Now, let’s sync this year’s HackerNews stories and comments to DuckDB. To do that we will need to use the CloudQuery Hacker News Source and the DuckDB destination integration. The configuration for CloudQuery will look like the following:

# config.yml
kind: source
spec:
  name: 'hackernews'
  path: 'cloudquery/hackernews'
  registry: 'cloudquery'
  version: 'v3.0.21'
  tables: ['*']
  destinations:
    - 'duckdb'
  spec:
  start_time: 2024-01-01T00:00:00Z
---
kind: destination
spec:
  name: duckdb
  path: cloudquery/duckdb
  registry: cloudquery
  version: 'v5.1.0'
  write_mode: 'overwrite-delete-stale'
  spec:
    connection_string: ./example.db

Now that we have CloudQuery installed and this configuration file we can run the following:

cloudquery login
cloudquery sync ./config.yml

This will start syncing all the items from the start of 2024 to a local DuckDB. It can take a while, so feel free to interrupt it in the middle as you will have data to play with anyway.

Now you can open up DuckDB and run the following (the total size of the database is about 512MB at the time of writing):

SELECT
    title, score
FROM
    hackernews_items
WHERE
    parent = 0 AND
    title ILIKE '%open source%' OR
    title ILIKE '%open-source%'
ORDER BY score DESC LIMIT 20;

This will show something similar to the following:

Top stories that have “open source” or “open-source” in their title (how to spell open-source). We can definitely see that HN loves open-source!

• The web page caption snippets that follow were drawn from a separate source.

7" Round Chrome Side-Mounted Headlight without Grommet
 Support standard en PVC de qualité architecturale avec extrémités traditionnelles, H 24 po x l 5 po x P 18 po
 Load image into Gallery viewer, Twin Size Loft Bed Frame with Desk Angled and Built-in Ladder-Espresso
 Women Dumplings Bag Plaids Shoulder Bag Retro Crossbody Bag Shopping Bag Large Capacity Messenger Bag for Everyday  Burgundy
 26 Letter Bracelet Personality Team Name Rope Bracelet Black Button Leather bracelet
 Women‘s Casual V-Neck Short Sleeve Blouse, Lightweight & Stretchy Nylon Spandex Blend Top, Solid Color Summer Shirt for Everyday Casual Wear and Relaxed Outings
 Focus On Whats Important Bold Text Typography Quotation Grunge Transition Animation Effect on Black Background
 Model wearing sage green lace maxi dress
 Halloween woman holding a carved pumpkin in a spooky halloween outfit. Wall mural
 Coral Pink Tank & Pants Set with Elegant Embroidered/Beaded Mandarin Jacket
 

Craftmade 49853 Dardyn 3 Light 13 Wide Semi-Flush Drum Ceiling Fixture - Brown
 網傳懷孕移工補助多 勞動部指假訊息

Now let’s do something a bit more interesting and run the below query:

WITH lists_split_into_rows AS (
SELECT
  score,
  unnest(string_split(lower(title), ' ')) AS word
FROM
    hackernews_items
) SELECT
      word,
      sum(score) as score_weight
  FROM
      lists_split_into_rows
  WHERE
      word NOT IN ('to', 'the', 'of', 'in', 'for', 'and', 'the', 'with', 'on', 'a', 'from', 'are', '', 'is', 'ask', 'how', 'what', 'why', 'by', 'an', 'as', 'your', 'at', 'you', 'it', 'over', 'using', 'into')
GROUP BY
  word
ORDER BY score_weight DESC LIMIT 100;

This will return a list of words with score_weight, which represents the number of times a word occurred in a title. If a story gains traction, this word will get more weight.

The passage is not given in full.